◆ **AIM OF THE TASK**
From the entries below, return exactly the lines beginning at the one that contains "Zu Besuch in" and ending at the one that contains "фото отеля Laurence Hotel", both of them included, and only those lines.

◆ **DATA LISTING**
____________________

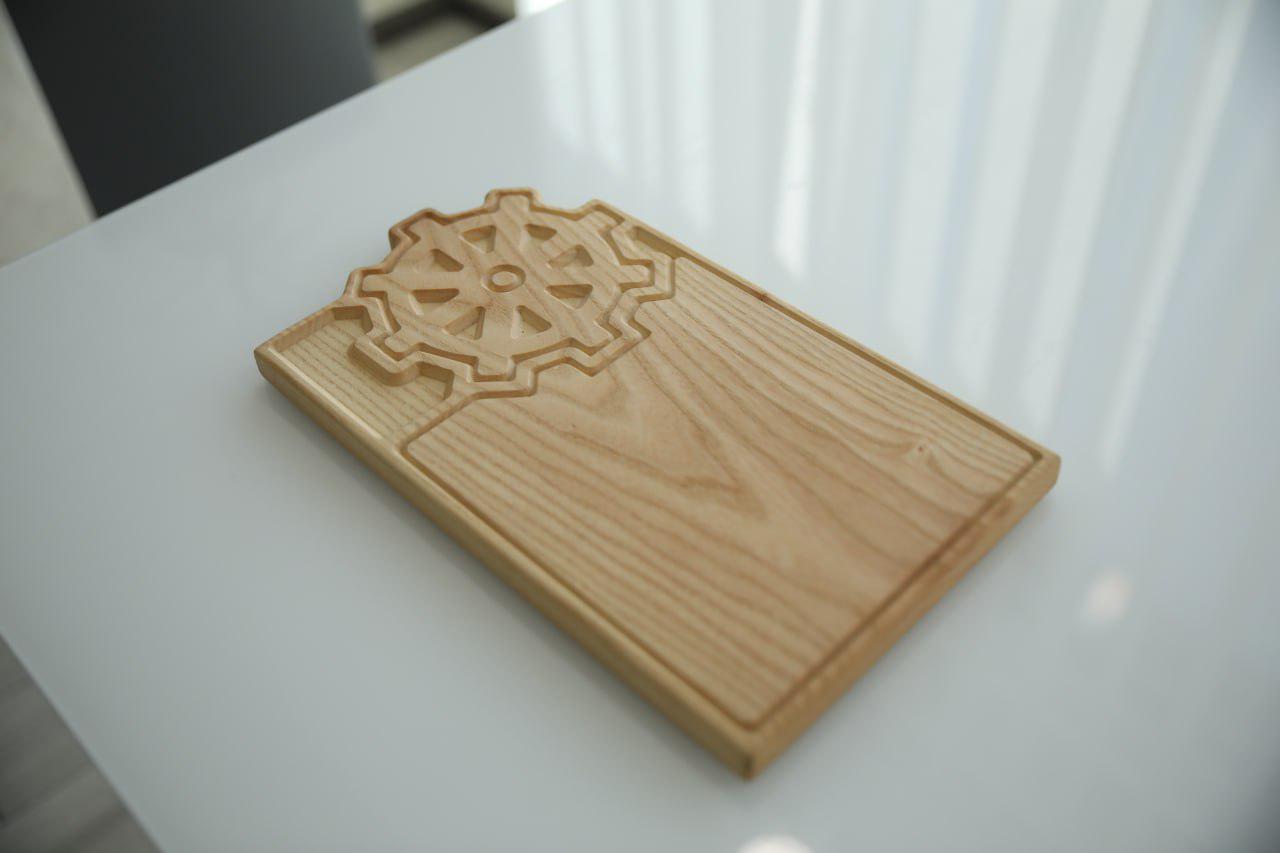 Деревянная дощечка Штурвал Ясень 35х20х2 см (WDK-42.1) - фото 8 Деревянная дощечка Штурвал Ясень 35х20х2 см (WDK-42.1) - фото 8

____________________

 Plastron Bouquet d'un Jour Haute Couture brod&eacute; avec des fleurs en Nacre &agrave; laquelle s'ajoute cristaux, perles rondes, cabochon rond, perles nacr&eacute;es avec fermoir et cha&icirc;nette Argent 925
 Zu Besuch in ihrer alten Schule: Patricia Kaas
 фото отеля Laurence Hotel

____________________

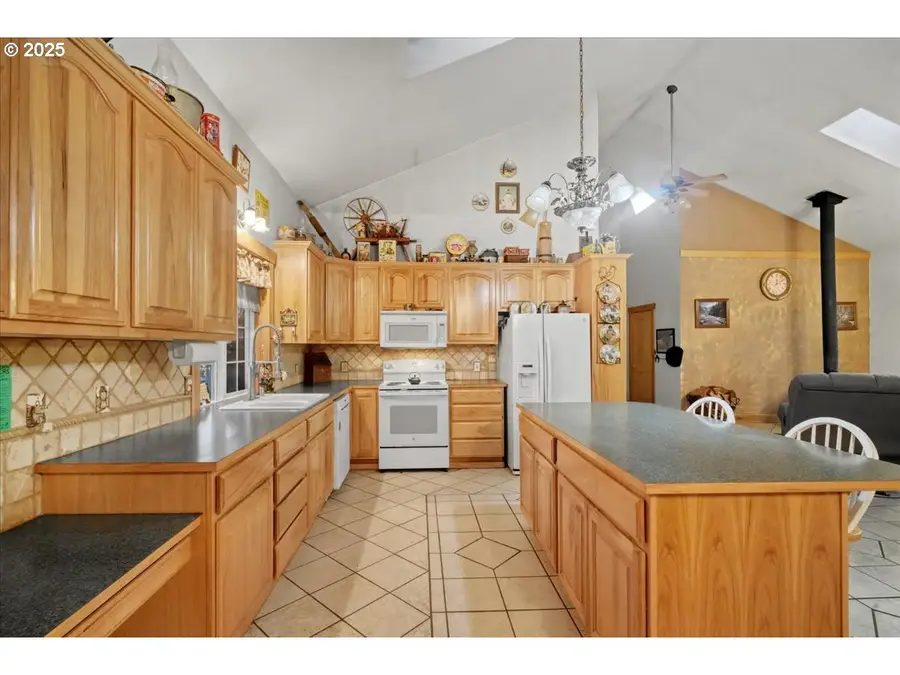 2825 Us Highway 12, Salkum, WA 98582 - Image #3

____________________

◆ **TASK RESULT**
 Zu Besuch in ihrer alten Schule: Patricia Kaas
 фото отеля Laurence Hotel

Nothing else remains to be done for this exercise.